Les dessins de Fanny Vaucher, qui semblent peu travaillés de prime abord, s’avèrent parfaitement adaptés au format du roman graphique et en adéquation avec le récit d’Éric Burnand, une figure bien connue des téléspectateurs romands pour avoir notamment présenté le magazine d’actualité Mise au Point dont il est l’un des concepteurs. On peinerait même à imaginer ce récit illustré autrement.

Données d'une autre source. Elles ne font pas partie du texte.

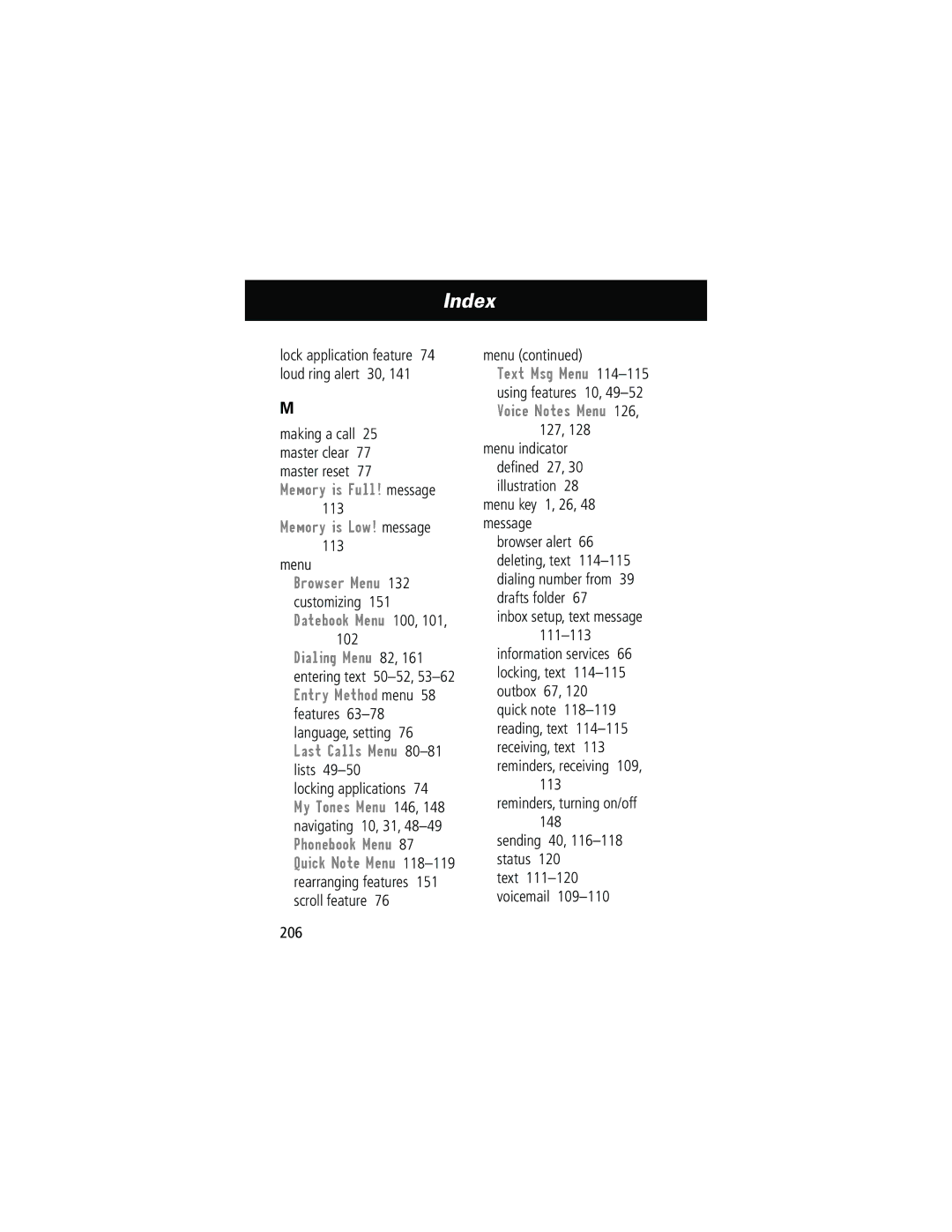 Motorola 280 manual Memory is Full! message Memory is Low! message, Menu key 1, 26, 48 message, 206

Le livre nous fait vivre un siècle d’histoire suisse à travers le destin d’une famille. Chaque génération est représentée par l’un de ses membres, dont le prénom donne le titre à un chapitre, et chaque chapitre met également en exergue un personnage historique. Le mélange de fiction et de réalité fonctionne très bien. À aucun moment l’ancrage de cette famille fictive dans la réalité historique ne paraît tiré par les cheveux.
On entre dans l’Histoire en 1918, pour en ressortir à la fin des années 80. De la grippe espagnole et la grève générale à l’affaire des fiches, tous les événements majeurs sont passés au crible des commentaires de la famille d’Emma. Chaque génération porte ses combats sociaux et politiques en parallèle à ceux de nos voisins européens.

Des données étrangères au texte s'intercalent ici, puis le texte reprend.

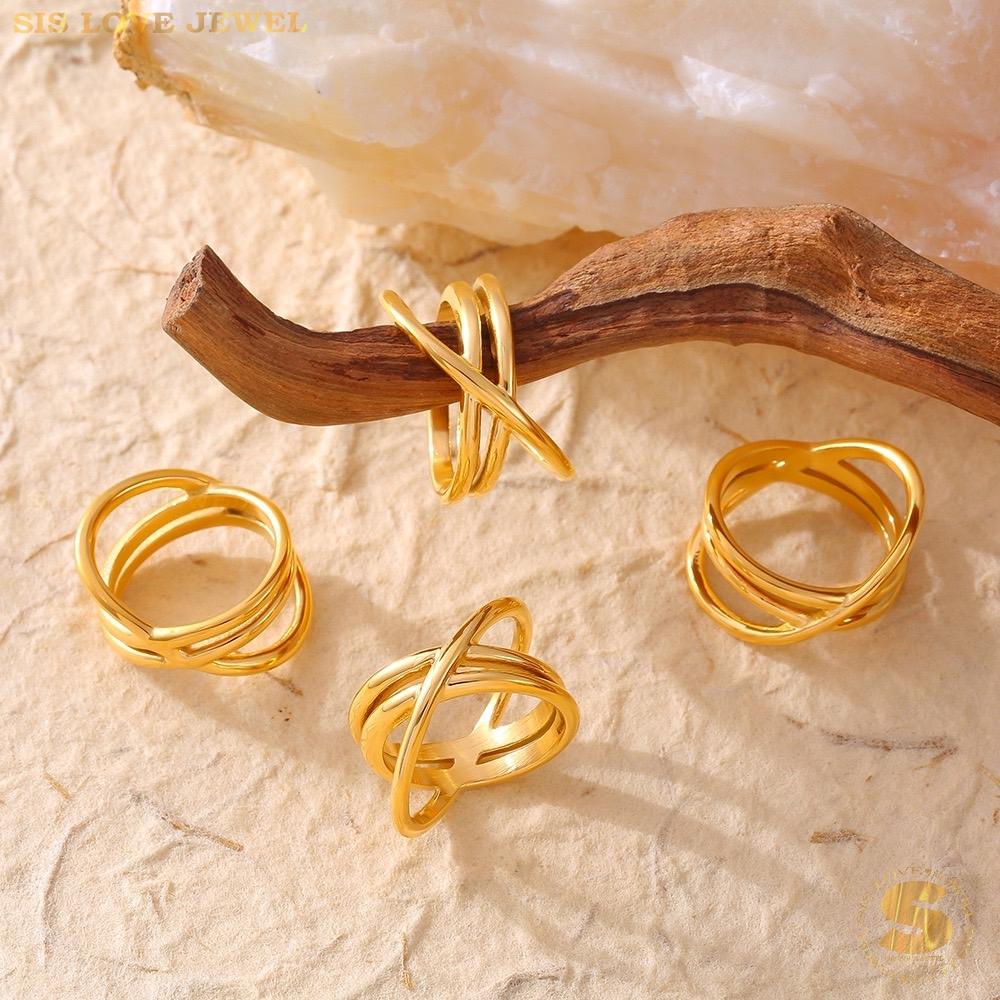 Cross Design Adjustable Ring R107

Au fur et à mesure du récit émerge quelque chose de très familier, de très suisse. Dans cette famille sont réunies toutes les sensibilités politiques, les cultures et langues nationales, les appartenances religieuses, et pourtant la discussion reste ouverte et la compréhension mutuelle possible. À l’image de notre politique parlementaire sans doute?
Enfin, ce qui sous-tend fondamentalement l’ouvrage d’un bout à l’autre, c’est le combat des femmes pour leurs droits politiques, économiques et culturels, illustrés par Emma et ses descendantes. À lire et donner à lire à nos propres descendants!